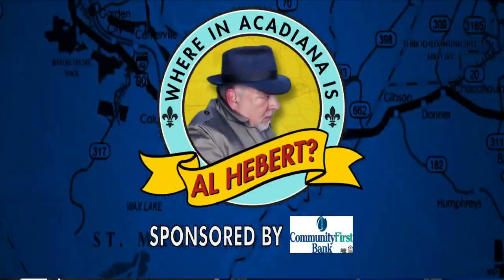Where in Acadiana is Oliver? It is 6:39. If you're just tuning in this morning, you're going to love this place. It's in Grand Coteau — it's a unique bed and breakfast, and we're going to send it to Al.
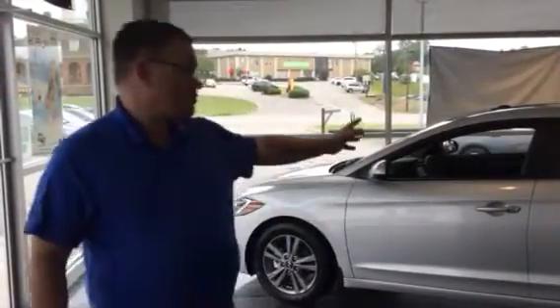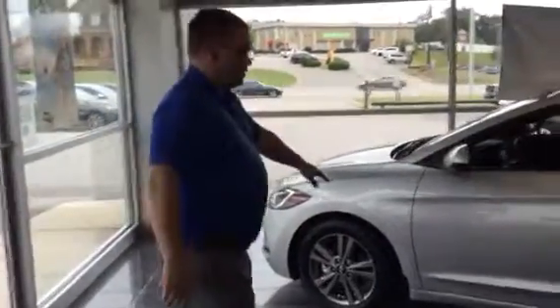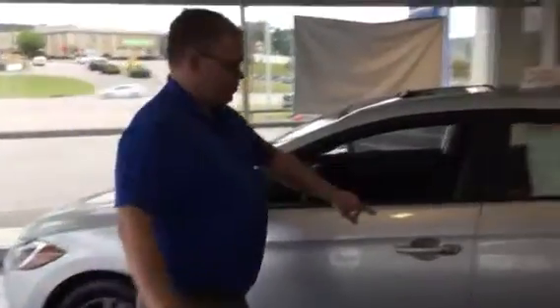Good morning Gene, and thank you for inquiring about the Honda Elagra. As you can see, I have one right here behind me on the showroom floor. So let's take a look at this. It comes with yellow wheels, blind spot detection, and a proximity kit.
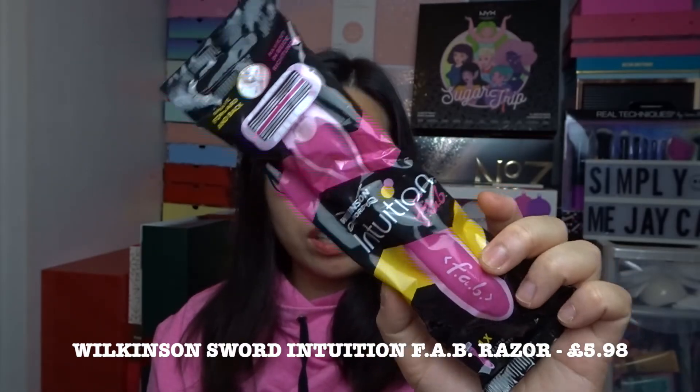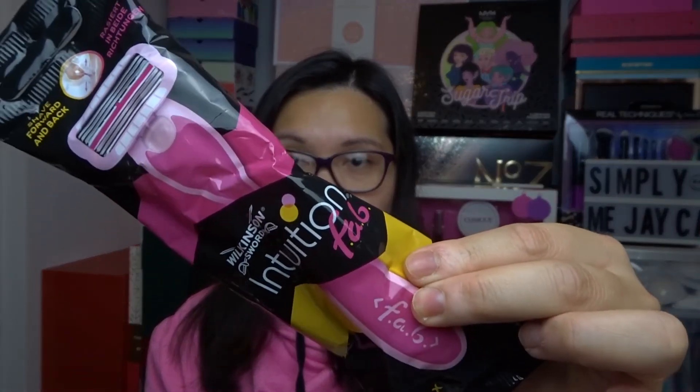The next one is from Wilkinson Sword — this is the Intuition Fab razor. I don't mind getting razors in a beauty box because they're very handy and useful. I really like this brand so I'm happy to receive one here. There's only one inside and I'm glad to have it.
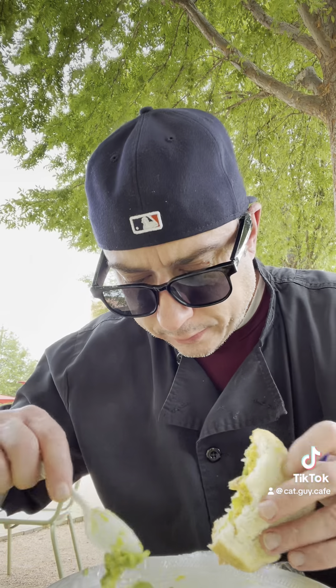One more fun pickle fact for you. George Washington, the first president — remember him? Pickle connoisseur. Loved them. Had over 200 and some odd variations of pickle. Yes, indeed.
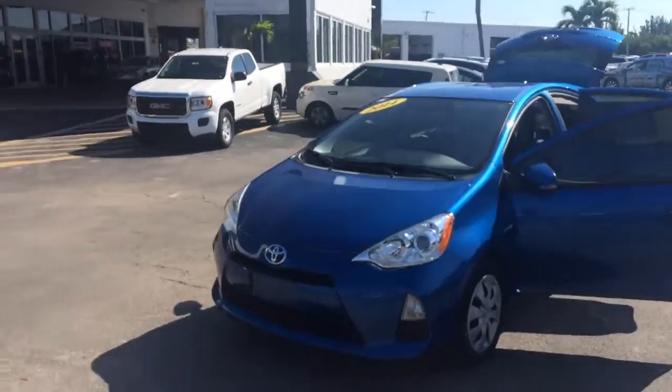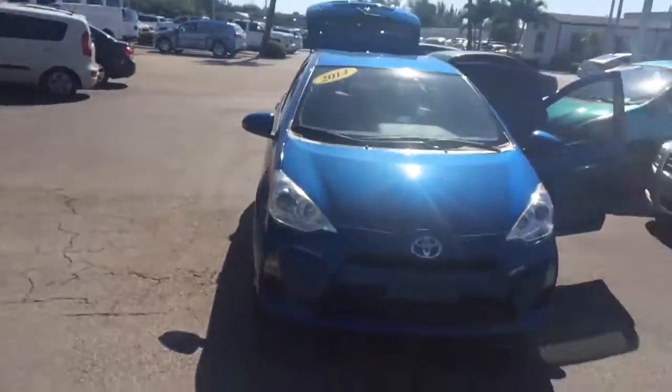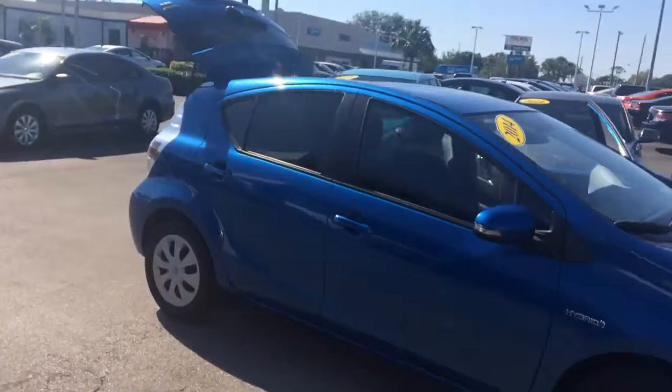Hi, this is Jack from Carls Buick GMC. Just wanted to take a video of the 2014 Prius C.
+ + + + + + +
§ TASK DIRECTIONS
Output the lines above verbatim, images excluded.

§ WRITTEN REPLY
Where in Acadiana is Oliver? It is 6:39. If you're just tuning in this morning, you're going to love this place. It's in Grand Coteau — it's a unique bed and breakfast, and we're going to send it to Al.
Good morning Gene, and thank you for inquiring about the Honda Elagra. As you can see, I have one right here behind me on the showroom floor. So let's take a look at this. It comes with yellow wheels, blind spot detection, and a proximity kit.
The next one is from Wilkinson Sword — this is the Intuition Fab razor. I don't mind getting razors in a beauty box because they're very handy and useful. I really like this brand so I'm happy to receive one here. There's only one inside and I'm glad to have it.
One more fun pickle fact for you. George Washington, the first president — remember him? Pickle connoisseur. Loved them. Had over 200 and some odd variations of pickle. Yes, indeed.
Hi, this is Jack from Carls Buick GMC. Just wanted to take a video of the 2014 Prius C.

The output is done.